EXERCISE: Print out each entry without alteration, and keep the pictures out.

INFORMATION GIVEN:
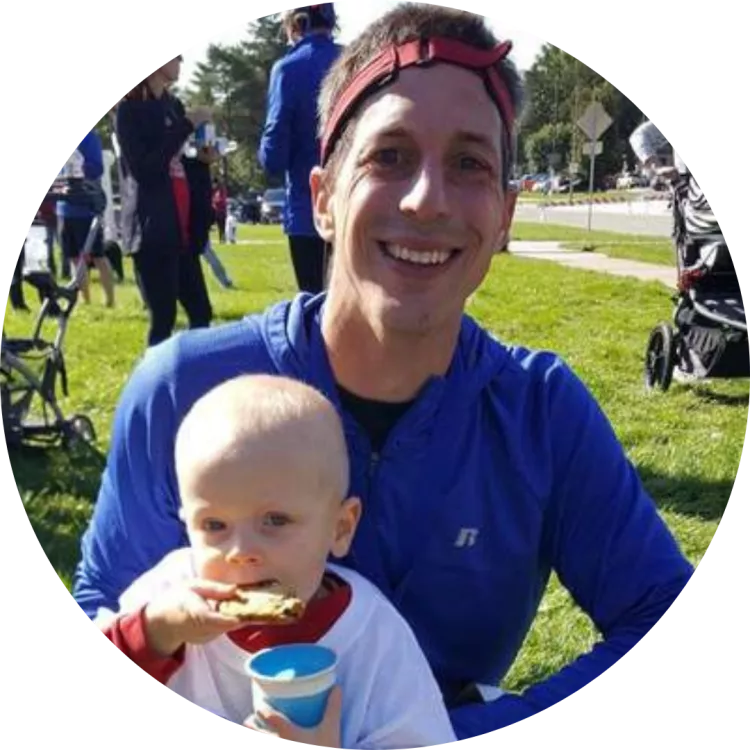 Kerry Konda poses for a picture with their child.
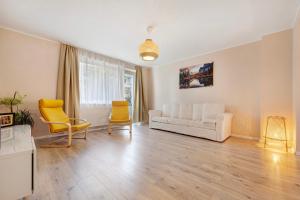 uma sala de estar com um sofá branco e duas cadeiras em Charmante Wohnung em Hanôver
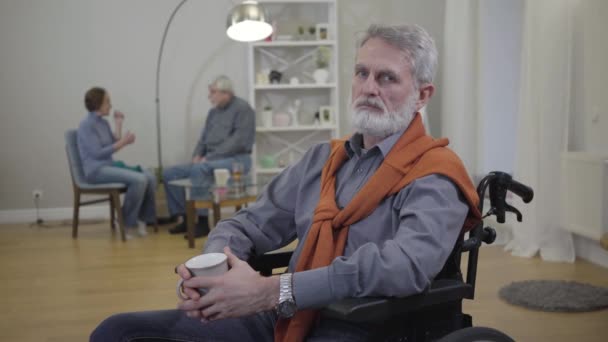 Portré egy jóképű, öreg fehér férfiról, aki tolószékben ül és a kamerába néz. Idős férfi nyugdíjas, aki más rezidensekkel tölti az estét az idősek otthonában. - Felvétel, videó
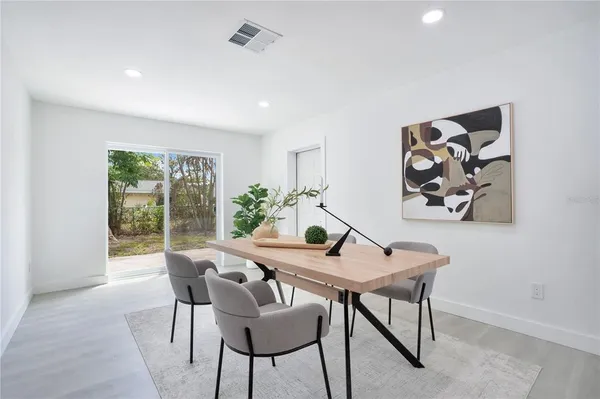 a view of a dining room with furniture window and outside view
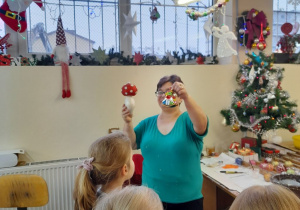 Pani prezentuje dzieciom ozdobione bombki podczas zajęć warsztatowych.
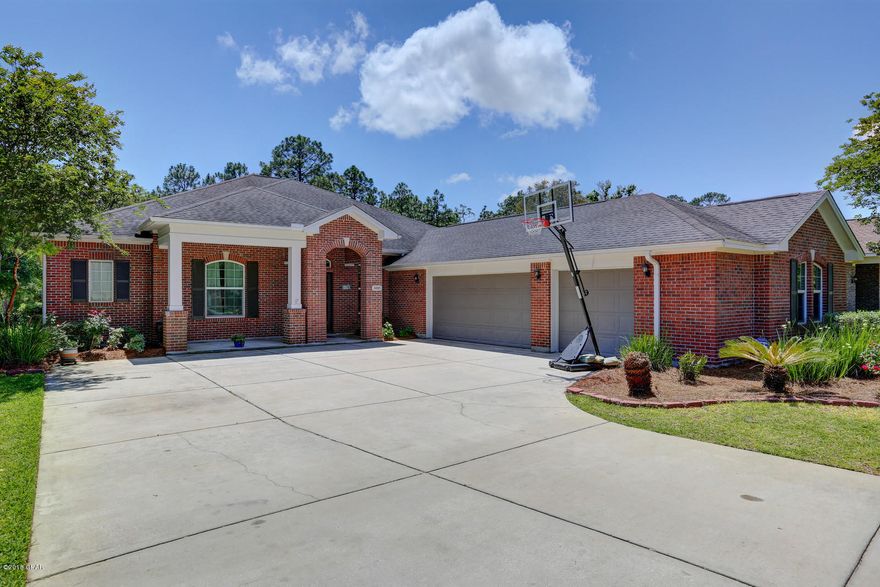 FABULOUS SPACE IN THIS ALL BRICK HM W/BIG SCREENED POOL!! This could easily become a 5 bedrm if needed! A 3 car garage, not often found, gives plenty of room for a workshop or storage, if you don't have 3 cars! Kit boasts TONS of cabinets & granite counter space, lge island w/breakfast bar, breakfast nook & pantry. The huge formal dining area can easily handle a table for 12! Office, across foyer from FDR is open, but could be easily enclosed. All the bedrooms are a good size.  MBR suite has ginormous walk-in closet & MBA has dbl vanity & whirlpool tub.  2 bedrms have a jack & jill bath. The den (or possible 5th bedroom) is a great place to curl up & watch a movie. There is a bath next to the 4th bedrm that conveniently accesses the pool. The pool is screened & has a baby barrier that keeps little ones safe. Laundry room is huge, has built-in cabinets and space to put a "mudroom" area. Very private backyard has a lovely view of a large pond. The home is situated to maximize privacy from the neighbors. One of the best schools in Florida is within walking distance. ALL NEW CARPET, transferable termite bond. RV hook up and utility sink in garage.  All rm sizes, lot sizes, sq ft are estimates. Please measure if concerned.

RESPONSE AREA:
 Kerry Konda poses for a picture with their child.
 uma sala de estar com um sofá branco e duas cadeiras em Charmante Wohnung em Hanôver
 Portré egy jóképű, öreg fehér férfiról, aki tolószékben ül és a kamerába néz. Idős férfi nyugdíjas, aki más rezidensekkel tölti az estét az idősek otthonában. - Felvétel, videó
 a view of a dining room with furniture window and outside view
 Pani prezentuje dzieciom ozdobione bombki podczas zajęć warsztatowych.
 FABULOUS SPACE IN THIS ALL BRICK HM W/BIG SCREENED POOL!! This could easily become a 5 bedrm if needed! A 3 car garage, not often found, gives plenty of room for a workshop or storage, if you don't have 3 cars! Kit boasts TONS of cabinets & granite counter space, lge island w/breakfast bar, breakfast nook & pantry. The huge formal dining area can easily handle a table for 12! Office, across foyer from FDR is open, but could be easily enclosed. All the bedrooms are a good size.  MBR suite has ginormous walk-in closet & MBA has dbl vanity & whirlpool tub.  2 bedrms have a jack & jill bath. The den (or possible 5th bedroom) is a great place to curl up & watch a movie. There is a bath next to the 4th bedrm that conveniently accesses the pool. The pool is screened & has a baby barrier that keeps little ones safe. Laundry room is huge, has built-in cabinets and space to put a "mudroom" area. Very private backyard has a lovely view of a large pond. The home is situated to maximize privacy from the neighbors. One of the best schools in Florida is within walking distance. ALL NEW CARPET, transferable termite bond. RV hook up and utility sink in garage.  All rm sizes, lot sizes, sq ft are estimates. Please measure if concerned.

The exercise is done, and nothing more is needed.